COMMENTARY: Who will benefit from Jokowi's land reform? | Land Portal

By: Adisti Sukma Sawitri


Date: 21 February 2017


Source: The Jakarta Post


The government has made a bold move with its plan to grant people wider access to land under its agrarian reform.


More than 9 million hectares, comprising roughly 4.5 million hectares of degraded forest and 4.5 million ha of uncertified plots, will be owned by citizens under land objects for agrarian reform (TORA), while another 12.7 million ha will be managed by indigenous people.


The government has introduced the land reform as part of its equity policy, which aims to ensure equal access to land, infrastructure and basic services and reduce widening inequality.


While the plan may gain nods from development economists and proponents of a welfare state, a closer look at the program is necessary to avoid failures of past agrarian policies.


Indonesia has seen a long record of land conflicts and citizens deprived of the rights to their land in favor of the rise of the plantation and mining sectors.
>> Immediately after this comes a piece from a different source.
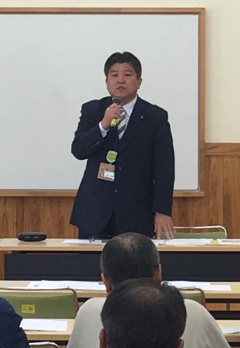 ホワイトボードの前で市長がマイクを握って参加者に話をしている写真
As most land gained state forest status during Soeharto’s New Order, logging and mining exploitation became rampant during the authoritarian regime. The military, as virtual guardians of the state forests, together with exclusive concessions to businesses became the pillars of natural resource management. Those living inside and around the forests were excluded.


There was no distribution of wealth as taxes, forest product fees and charges amounted to only a small part of profits secured in the exploitation. And under the centralized system, the revenues went mostly to the central government in Java.


Decentralization and regional autonomy in the post-Soeharto era have led to a commodity boom, which vaulted the country as the world’s largest producer of palm oil.


But despite Indonesia benefiting from strong economic growth and becoming resilient to global economic crises, people continued to be evicted from their lands.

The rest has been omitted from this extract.